Problem statement
Work out how many lines in the records include the word "North", then answer with nothing but that number.

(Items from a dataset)
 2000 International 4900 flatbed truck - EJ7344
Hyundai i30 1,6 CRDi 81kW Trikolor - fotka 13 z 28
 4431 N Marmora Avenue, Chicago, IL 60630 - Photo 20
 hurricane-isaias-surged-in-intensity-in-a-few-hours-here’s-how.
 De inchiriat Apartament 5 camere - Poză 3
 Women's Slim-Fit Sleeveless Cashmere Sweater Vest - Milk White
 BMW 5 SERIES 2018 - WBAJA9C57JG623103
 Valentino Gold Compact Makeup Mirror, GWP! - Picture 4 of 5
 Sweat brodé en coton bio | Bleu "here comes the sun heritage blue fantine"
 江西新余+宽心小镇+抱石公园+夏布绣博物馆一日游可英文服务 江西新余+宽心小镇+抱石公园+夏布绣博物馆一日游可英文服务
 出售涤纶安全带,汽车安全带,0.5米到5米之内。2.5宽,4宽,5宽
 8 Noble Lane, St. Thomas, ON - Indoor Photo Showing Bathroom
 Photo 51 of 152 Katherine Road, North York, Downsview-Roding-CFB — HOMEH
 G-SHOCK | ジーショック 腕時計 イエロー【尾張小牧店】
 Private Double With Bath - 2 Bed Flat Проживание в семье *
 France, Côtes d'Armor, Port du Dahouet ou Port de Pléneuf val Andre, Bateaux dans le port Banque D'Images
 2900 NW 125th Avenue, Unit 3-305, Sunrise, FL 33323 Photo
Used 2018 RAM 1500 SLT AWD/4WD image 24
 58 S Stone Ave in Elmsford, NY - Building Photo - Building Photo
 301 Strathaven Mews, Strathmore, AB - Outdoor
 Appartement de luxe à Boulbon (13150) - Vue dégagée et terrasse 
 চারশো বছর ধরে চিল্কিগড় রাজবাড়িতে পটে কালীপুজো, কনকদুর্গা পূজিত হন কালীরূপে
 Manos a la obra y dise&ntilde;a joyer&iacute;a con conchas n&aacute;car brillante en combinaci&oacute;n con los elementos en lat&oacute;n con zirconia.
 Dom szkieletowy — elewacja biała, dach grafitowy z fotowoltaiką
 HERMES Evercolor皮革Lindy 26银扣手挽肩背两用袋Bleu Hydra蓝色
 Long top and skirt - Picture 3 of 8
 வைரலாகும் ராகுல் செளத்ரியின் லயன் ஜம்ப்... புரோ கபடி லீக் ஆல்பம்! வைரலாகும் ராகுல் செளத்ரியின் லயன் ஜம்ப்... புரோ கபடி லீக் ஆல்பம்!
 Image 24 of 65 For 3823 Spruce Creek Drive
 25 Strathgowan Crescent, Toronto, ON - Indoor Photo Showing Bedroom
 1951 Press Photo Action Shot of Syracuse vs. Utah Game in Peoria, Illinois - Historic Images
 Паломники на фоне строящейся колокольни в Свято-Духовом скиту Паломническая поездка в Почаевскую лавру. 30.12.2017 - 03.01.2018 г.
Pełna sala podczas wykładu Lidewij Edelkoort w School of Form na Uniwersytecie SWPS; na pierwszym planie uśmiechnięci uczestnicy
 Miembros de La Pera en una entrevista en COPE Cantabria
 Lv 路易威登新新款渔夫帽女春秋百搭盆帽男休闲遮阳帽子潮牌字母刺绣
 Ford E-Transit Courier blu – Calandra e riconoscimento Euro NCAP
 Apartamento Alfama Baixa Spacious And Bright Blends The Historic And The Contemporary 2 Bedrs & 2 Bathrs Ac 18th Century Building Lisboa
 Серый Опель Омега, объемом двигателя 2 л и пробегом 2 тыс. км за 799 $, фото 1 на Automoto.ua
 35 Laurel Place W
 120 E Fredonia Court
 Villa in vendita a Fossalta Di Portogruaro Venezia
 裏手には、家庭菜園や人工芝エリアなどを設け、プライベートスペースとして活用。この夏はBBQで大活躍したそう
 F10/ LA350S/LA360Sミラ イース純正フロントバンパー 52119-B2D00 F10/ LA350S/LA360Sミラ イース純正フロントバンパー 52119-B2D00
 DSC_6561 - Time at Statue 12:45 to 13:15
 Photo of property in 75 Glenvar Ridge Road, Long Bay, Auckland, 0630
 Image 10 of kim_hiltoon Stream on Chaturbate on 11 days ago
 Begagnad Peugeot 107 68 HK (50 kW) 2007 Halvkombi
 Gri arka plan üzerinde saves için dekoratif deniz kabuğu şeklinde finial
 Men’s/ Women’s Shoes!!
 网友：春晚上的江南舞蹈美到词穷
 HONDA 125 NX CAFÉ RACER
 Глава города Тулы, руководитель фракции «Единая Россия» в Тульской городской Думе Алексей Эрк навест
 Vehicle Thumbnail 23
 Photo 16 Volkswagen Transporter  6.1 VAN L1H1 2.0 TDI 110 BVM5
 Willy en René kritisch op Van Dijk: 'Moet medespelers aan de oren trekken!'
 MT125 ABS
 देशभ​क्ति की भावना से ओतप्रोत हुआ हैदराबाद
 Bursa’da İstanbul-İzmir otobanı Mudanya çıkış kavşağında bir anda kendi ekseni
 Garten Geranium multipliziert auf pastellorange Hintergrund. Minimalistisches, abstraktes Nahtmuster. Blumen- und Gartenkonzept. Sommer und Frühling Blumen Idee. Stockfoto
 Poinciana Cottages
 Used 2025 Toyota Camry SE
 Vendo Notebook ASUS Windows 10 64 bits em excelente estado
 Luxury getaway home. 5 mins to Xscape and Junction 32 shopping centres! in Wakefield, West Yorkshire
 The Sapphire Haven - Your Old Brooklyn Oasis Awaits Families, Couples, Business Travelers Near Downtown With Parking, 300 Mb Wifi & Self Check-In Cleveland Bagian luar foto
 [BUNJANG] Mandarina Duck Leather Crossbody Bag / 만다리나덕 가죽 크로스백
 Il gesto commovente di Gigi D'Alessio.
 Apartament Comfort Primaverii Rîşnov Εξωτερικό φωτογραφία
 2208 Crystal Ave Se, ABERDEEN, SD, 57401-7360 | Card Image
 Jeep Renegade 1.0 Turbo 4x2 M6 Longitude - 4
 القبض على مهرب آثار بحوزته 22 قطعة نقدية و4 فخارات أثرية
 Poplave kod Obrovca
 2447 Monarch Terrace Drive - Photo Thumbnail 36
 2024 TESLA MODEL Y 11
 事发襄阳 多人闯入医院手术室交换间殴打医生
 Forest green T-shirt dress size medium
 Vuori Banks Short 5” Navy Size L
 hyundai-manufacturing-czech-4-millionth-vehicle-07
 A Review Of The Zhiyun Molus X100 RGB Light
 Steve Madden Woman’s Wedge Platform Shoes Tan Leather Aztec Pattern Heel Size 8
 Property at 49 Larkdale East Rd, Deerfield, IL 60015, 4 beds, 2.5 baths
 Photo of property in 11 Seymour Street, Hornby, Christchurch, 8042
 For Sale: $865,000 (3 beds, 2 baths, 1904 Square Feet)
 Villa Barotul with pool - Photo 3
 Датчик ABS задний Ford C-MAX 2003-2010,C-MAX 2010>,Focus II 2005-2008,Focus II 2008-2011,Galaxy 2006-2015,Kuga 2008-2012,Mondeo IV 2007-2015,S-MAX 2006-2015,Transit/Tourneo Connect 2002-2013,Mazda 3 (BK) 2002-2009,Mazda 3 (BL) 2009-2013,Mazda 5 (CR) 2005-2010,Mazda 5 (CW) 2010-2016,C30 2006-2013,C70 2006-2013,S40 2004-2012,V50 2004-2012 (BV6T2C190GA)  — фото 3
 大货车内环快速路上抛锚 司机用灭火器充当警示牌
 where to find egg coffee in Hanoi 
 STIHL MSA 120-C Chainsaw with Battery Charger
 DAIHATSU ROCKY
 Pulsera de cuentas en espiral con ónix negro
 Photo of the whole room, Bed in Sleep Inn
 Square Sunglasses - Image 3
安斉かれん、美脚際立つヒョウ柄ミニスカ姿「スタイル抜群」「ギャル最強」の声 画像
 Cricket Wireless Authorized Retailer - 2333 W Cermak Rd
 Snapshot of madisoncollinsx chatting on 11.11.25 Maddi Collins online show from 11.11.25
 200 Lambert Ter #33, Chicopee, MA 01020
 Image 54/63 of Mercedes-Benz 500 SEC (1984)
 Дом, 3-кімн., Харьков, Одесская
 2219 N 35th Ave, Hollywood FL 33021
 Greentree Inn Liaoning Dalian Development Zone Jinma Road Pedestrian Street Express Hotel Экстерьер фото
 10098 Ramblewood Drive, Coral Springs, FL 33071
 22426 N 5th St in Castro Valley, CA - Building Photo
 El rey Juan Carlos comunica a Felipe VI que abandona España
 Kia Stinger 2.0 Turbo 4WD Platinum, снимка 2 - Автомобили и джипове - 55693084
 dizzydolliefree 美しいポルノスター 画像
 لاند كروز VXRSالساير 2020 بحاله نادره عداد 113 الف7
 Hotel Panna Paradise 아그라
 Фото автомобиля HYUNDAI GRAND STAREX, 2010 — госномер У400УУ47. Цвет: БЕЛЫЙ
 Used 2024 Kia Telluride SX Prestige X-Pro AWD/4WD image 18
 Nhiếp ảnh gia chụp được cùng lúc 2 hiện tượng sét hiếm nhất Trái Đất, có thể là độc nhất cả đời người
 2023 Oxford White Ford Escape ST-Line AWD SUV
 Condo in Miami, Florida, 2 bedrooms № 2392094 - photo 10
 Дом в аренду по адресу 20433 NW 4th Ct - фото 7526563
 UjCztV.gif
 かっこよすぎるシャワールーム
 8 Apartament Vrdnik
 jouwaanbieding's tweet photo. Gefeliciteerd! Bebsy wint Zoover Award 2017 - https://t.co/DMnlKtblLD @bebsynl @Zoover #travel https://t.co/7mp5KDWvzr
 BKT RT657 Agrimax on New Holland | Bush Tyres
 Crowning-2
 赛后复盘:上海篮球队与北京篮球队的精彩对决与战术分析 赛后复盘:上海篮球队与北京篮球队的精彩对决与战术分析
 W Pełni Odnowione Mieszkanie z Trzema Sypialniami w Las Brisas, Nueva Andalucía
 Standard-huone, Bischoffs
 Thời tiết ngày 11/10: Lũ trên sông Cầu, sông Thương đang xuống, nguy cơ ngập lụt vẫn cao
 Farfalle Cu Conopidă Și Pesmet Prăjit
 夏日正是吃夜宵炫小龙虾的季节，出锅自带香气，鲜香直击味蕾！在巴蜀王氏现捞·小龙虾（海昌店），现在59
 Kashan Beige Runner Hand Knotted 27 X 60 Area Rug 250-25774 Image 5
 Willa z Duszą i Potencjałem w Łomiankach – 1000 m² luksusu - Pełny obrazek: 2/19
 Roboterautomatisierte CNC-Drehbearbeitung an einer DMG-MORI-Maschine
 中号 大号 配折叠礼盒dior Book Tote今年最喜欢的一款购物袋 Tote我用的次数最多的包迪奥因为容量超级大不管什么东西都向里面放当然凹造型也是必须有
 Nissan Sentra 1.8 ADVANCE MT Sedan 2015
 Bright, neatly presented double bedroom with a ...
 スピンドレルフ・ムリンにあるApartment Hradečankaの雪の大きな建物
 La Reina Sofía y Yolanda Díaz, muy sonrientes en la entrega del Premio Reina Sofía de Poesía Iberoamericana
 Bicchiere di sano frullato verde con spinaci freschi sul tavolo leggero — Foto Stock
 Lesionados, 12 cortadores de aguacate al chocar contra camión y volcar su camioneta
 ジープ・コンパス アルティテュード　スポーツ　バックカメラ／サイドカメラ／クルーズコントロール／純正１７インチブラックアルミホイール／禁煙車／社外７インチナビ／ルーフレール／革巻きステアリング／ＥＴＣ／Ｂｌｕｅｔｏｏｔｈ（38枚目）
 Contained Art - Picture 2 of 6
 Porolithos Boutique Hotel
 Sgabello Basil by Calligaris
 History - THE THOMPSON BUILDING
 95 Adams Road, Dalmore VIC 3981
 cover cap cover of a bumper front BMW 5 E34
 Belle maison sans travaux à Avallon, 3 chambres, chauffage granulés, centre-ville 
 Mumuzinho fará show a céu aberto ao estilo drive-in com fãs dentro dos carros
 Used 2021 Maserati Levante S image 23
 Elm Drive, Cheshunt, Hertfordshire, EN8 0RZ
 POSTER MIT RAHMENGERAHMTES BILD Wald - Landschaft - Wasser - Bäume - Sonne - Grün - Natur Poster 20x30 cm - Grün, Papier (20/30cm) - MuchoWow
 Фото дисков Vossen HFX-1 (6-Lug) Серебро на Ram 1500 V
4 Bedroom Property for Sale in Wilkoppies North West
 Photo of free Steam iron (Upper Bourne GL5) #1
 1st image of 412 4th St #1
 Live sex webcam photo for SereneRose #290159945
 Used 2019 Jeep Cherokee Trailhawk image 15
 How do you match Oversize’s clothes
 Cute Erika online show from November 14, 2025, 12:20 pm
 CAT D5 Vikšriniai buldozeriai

Answer
2